A quick grep results in alsa-guide.xml articles/lpi-101-administration-p2.xml migration-to-2.6.xml nvidia-guide.xml power-management-guide.xml udev-guide.xml Not all referenced driver ebuilds have been fixed,yet.
Some useful information is required here, namely: How/when are they deprecated (is it an ~arch package? how much time do users have to switch?) If the packages in question haven't been fixed yet, then how am I to fix the docs? Which packages haven't been fixed yet? If not modules.d, what is the correct location? Also, I can't do anything about articles/lpi-101-foo, as articles are marked unmaintained. They are legacy stuff originally copied from IBM developerworks; it's an archive of how things were at the time.
(In reply to comment #1) > Some useful information is required here, namely: > > How/when are they deprecated (is it an ~arch package? how much time do users > have to switch?) This is an open question, I guess. And in the "tradition" of Gentoo we may fail to communicate. vapier summed up¹ the situation - a bit too optimistically regarding the current status, which resulted the tracker bug, this bug is blocking. > If the packages in question haven't been fixed yet, then how am I to fix the > docs? Basically sed -i -e "s:/etc/modules.d:/etc/modprobe.d:g". I'm not sure, if something changed regarding the strictness of the files in these directories or if this is would be relevant to the documentation, though. > Which packages haven't been fixed yet? See bug 215626. > If not modules.d, what is the correct location? See above > Also, I can't do anything about articles/lpi-101-foo, as articles are marked > unmaintained. They are legacy stuff originally copied from IBM developerworks; > it's an archive of how things were at the time. > Expected it, but thought it'd be better to paste the list as is. [1] http://archives.gentoo.org/gentoo-dev/msg_254dcc9705203d8e4515fbcb7a44961d.xml
you can fix docs that are not tied to any package now ... modprobe.d has always worked with all linux-2.6 installs. there is no arch/~arch issue there. only recently have i started to actually push people to make the transition. obviously for docs that refer to a file that a package installs, the relevant package will need to go stable before the related documentation is changed.
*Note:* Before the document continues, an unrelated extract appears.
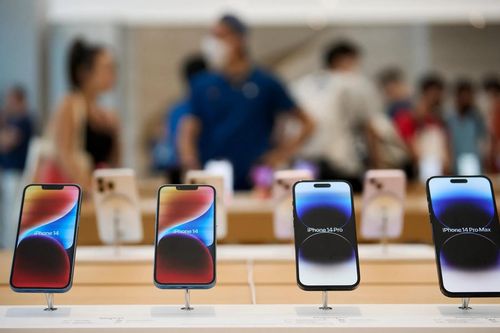 Đằng sau đà suy giảm lợi nhuận của Apple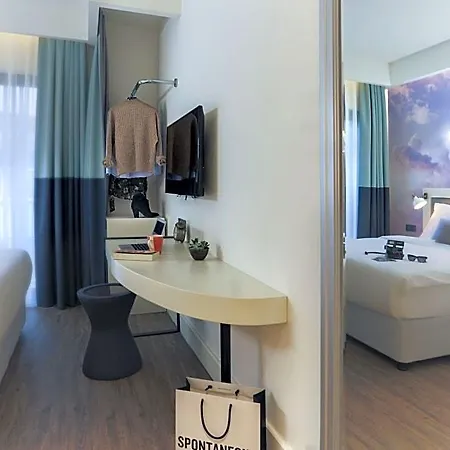 Hotel Cloud7 3*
(In reply to comment #3) > you can fix docs that are not tied to any package now > obviously for docs that refer to a file that a package installs, the relevant > package will need to go stable before the related documentation is changed. Unfortunately, it looks like just about all our docs that refer to modules.d are in fact for packages that have not yet been fixed, by the look of 'em. - alsa-utils & alsa-lib - nvidia-drivers I can fix a couple of the listings in the udev guide (the non-alsa modules), and for the thinkpad_acpi reference in the power management guide, but that's about it. ALSA and nvidia are the two biggies, so the sooner a fix gets made for those, the sooner I can clean up the docs.
How's this coming? As per comment #4, I'm still waiting on the ALSA and nvidia drivers to be fixed. These done yet? CCing the kernel, alsa, and nvidia-driver maintainers for a response -- is your stuff properly using modprobe.d?
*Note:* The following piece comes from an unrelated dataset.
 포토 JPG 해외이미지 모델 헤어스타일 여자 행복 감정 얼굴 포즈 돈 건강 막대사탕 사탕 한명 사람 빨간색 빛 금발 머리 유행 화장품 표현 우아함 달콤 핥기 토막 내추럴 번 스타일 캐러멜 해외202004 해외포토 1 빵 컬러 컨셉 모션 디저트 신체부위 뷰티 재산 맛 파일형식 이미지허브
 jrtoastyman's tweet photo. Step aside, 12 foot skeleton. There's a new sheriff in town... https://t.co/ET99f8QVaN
Any new ebuild going in for nvidia-drivers moves the file away from modules.d and into modprobe.d; I'm not comfortable modifying ebuilds that already have stable keywords without a revision bump. As newer kernels require patching and stabilization of newer drivers, I would expect that this problem no longer exists. It's just odd reports of "my extremely specific GeForce 2345XL-super works terribly on anything other then driver 123.45" that keep me from taking the older ebuilds out...
I have checked alsa-utils-1.0.17 (marked as stable on alpha amd64 hppa ppc ppc64 sparc x86) and latest alsa-utils-1.0.19 (marked as testing on all architectures) and both ebuilds install (or move existing) alsa configuration file under /etc/modprobe.d directory. In this respect alsa-utils package seem to be already fixed, but unfortunately it is not as alsaconf by default (invoked without any parameters as suggested in alsa-guide.xml) tries to write to /etc/modules.d/alsa file - which it can't do as /etc/modules.d directory doesn't exist anymore (at least on clean, new Gentoo installments). Since in this situation (where not all parts of alsa-utils are yet aware of the new default modules configuration location), there seems to be discrepancy between what alsa-guide.xml suggests and one can observe while installing new system, I suggest that alsa-guide.xml be updated with information that alsaconf should be run with -c /etc/modprobe.d/alsa parameter.
Fixed in CVS.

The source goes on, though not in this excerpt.